Na segunda-feira (29), a Câmara de Populações Indígenas e Comunidades Tradicionais do MPF (Ministério Público Federal), órgão superior vinculado à PGR (Procuradoria-Geral da República), divulgou nota pública reafirmando a inconstitucionalidade do projeto.

“A Constituição garante aos povos indígenas direitos originários sobre as terras que tradicionalmente ocupam, sendo a tradicionalidade um elemento cultural da forma de ocupação do território e não um elemento temporal. Fixar um marco temporal que condicione a demarcação de terras indígenas pelo Estado brasileiro viola frontalmente o caráter originário dos direitos territoriais indígenas”, diz trecho da nota.
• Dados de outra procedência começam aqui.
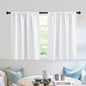 RYB HOME Privacy Bathroom Window Curtains, Short Thermal Insulated Heat Blocking Privacy Rod Pocket Half Window Curtain Tiers for Nursery Bedroom, Width 42 by Length 30, Pure White, 2 Panels
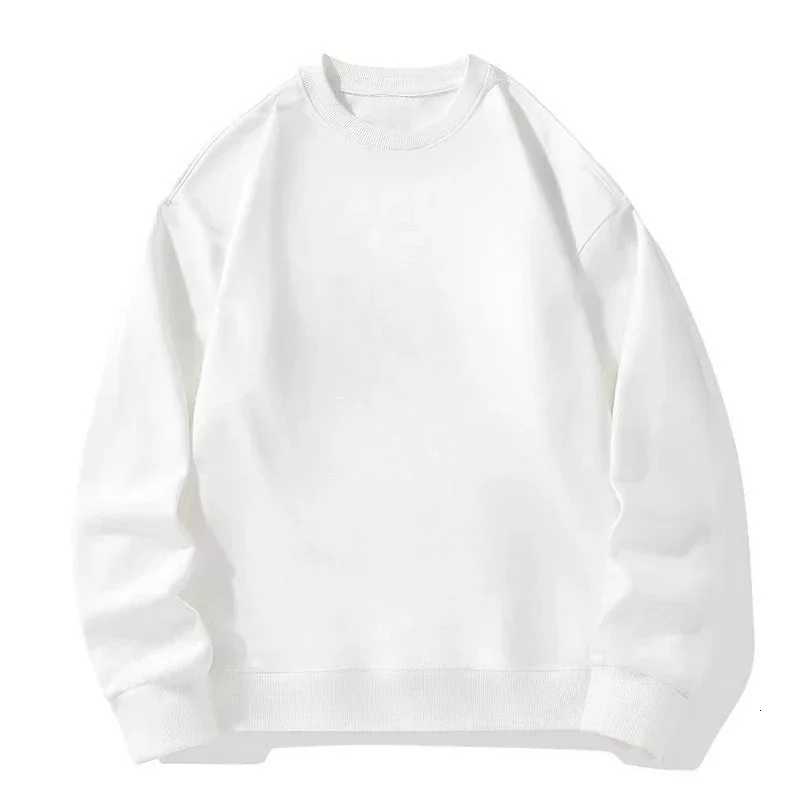 mens and womens Solidcolor Crewneck hoodie suitable highstreet American style heavyweight longsleeved top for couplesZ250918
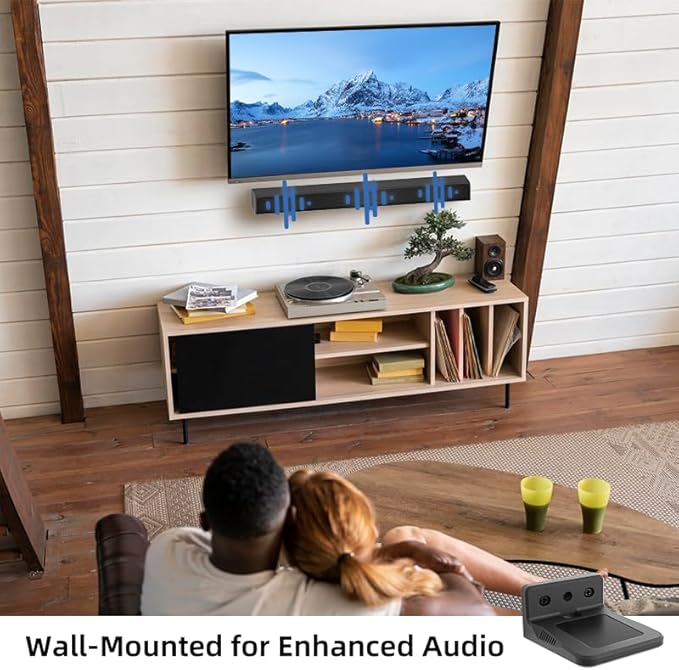 ELETIUO Universal Soundbar Mount for Samsung, Sony, LG, JBL, Bose, Vizio, Roku, Polk Audio, Heavy Duty Wall Mount Bracket Up to 180 lbs for Above or Under TV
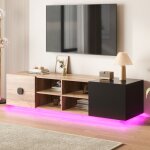 Meuble tv minimaliste avec compartiments ouverts et lumi�res led 16 couleurs meuble bas en bois porte ...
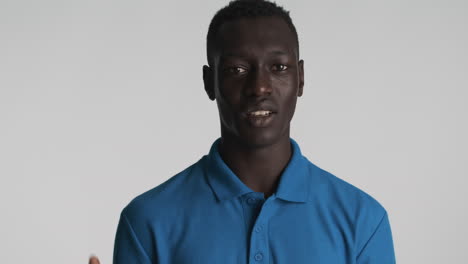 african american man on grey background.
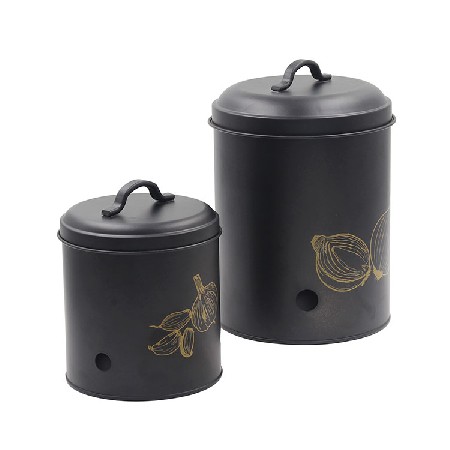 Set of 2 Antique Black Vintage Potato Onion Kitchen Storage Containers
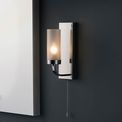 Flowton Bathroom Wall Light Chrome plate &amp; frosted glass additional 3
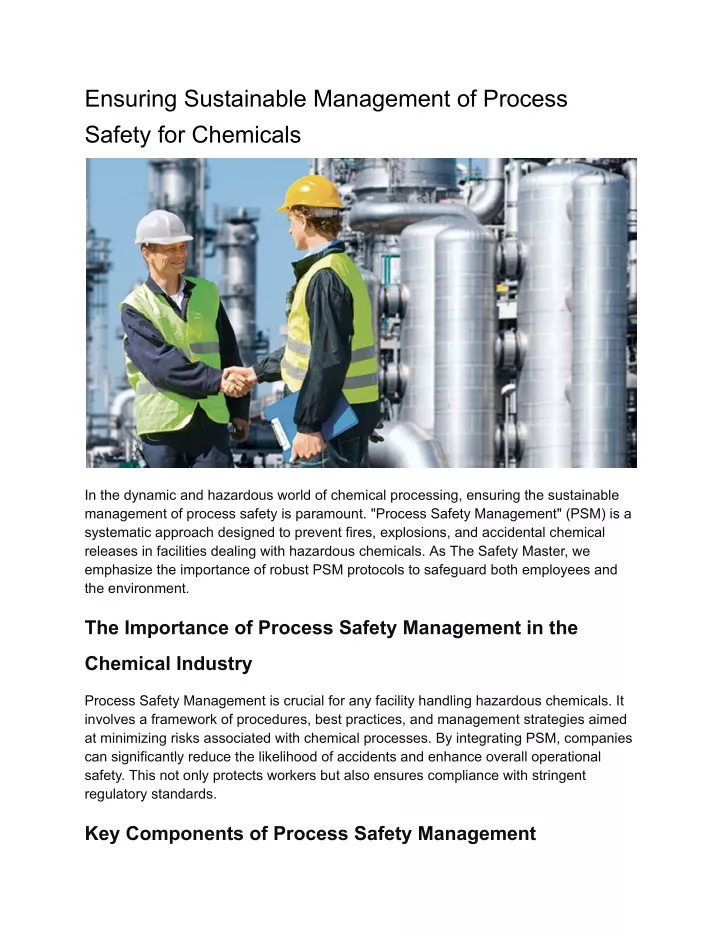 ensuring sustainable management of process safety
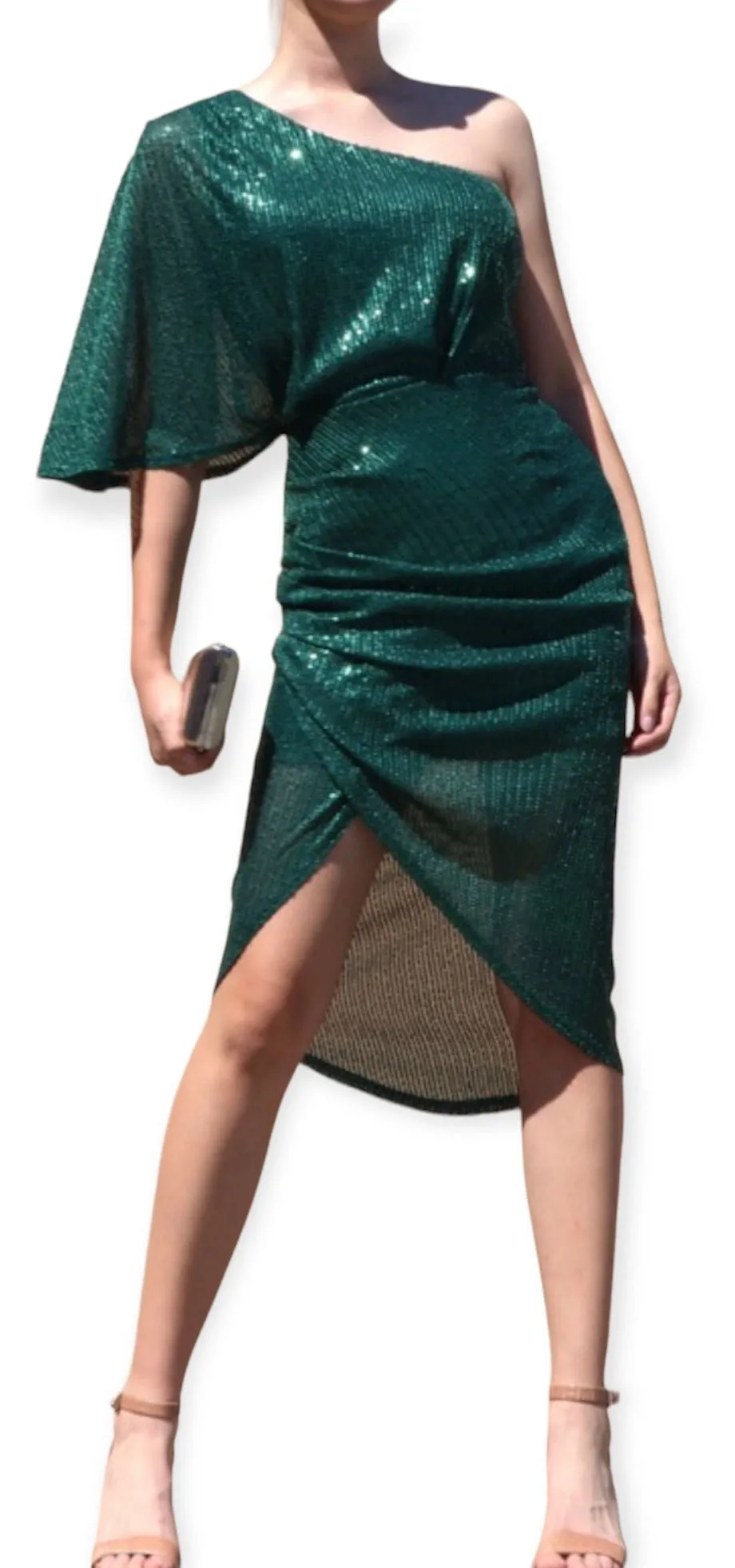 Sequin One Shoulder Ruched Bodycon Dress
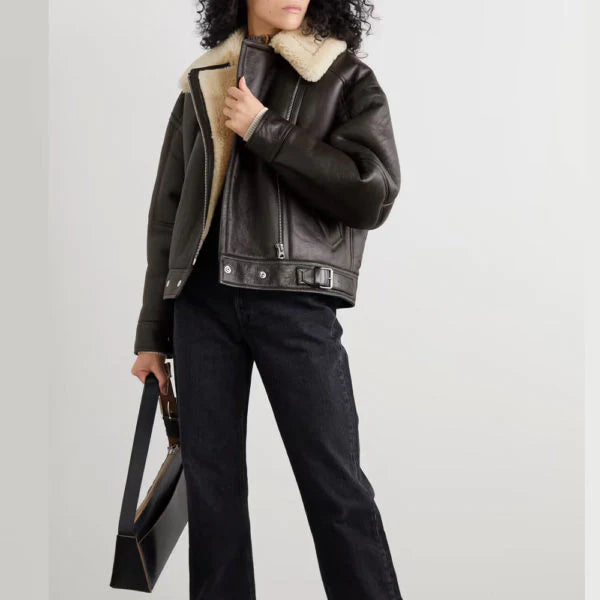 Black Women B3 RAF Aviator Cowhide Shearling Leather Jacket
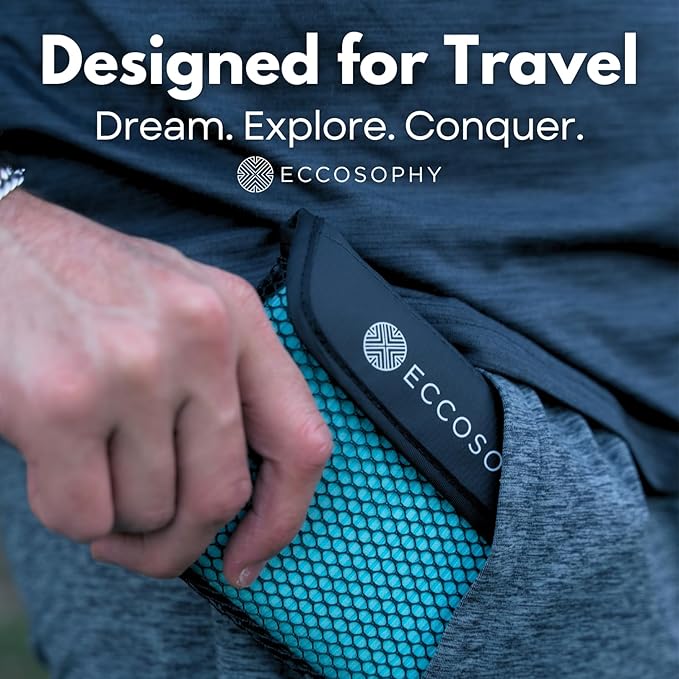 ECCOSOPHY Microfiber Gym Towel for Working Out - (60x30-Aqua)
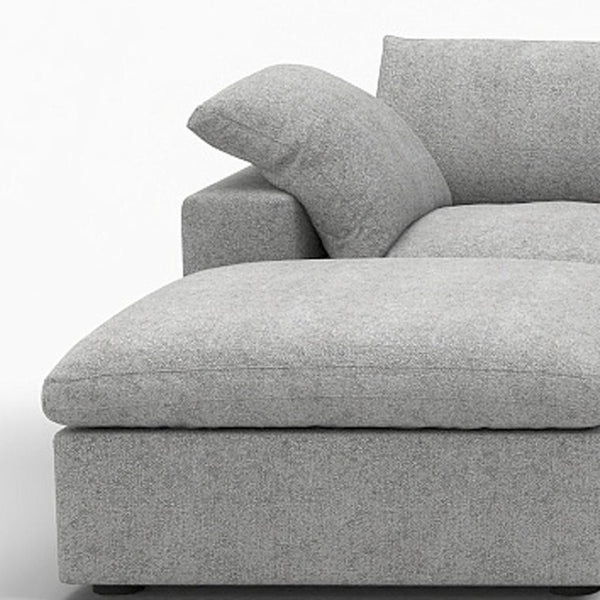 HomeRoots 160" Light Gray Linen Blend Modular Sofa: Versatile Comfort & Style for Modern Living Spaces! 714570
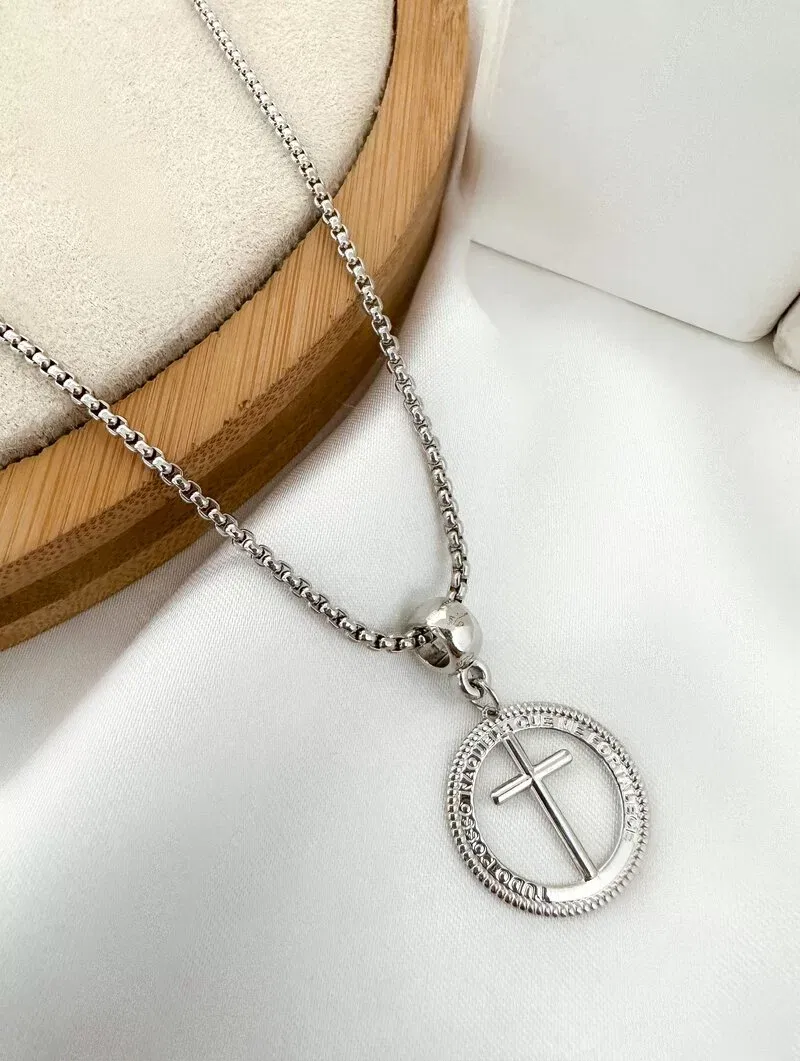 Colar Folheado a Ouro 18k e Prata 925 Corrente com Pingente Crucifixo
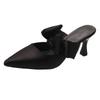 Fashion Elegant Bow Women Heeled Slippers Designer High Heels Shoes 2025 Trend Fad Pointed Toe Stilettos Pumps Summer Sandalias De Mujer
Senado rejeita discutir tema em urgência

Agora, o tema será debatido no Senado. O líder do Governo no Congresso, senador Randolfe Rodrigues (sem partido-AP), disse que o marco temporal não tramitará em regime de urgência no Senado.

“De qualquer sorte, a grande conquista desta tarde foi a manifestação do Senado Federal de que essa matéria aqui terá a prudência necessária e o debate necessário, não terá a urgência para a votação. Isso ressoa para tranquilizar sobretudo os povos originários”, afirmou.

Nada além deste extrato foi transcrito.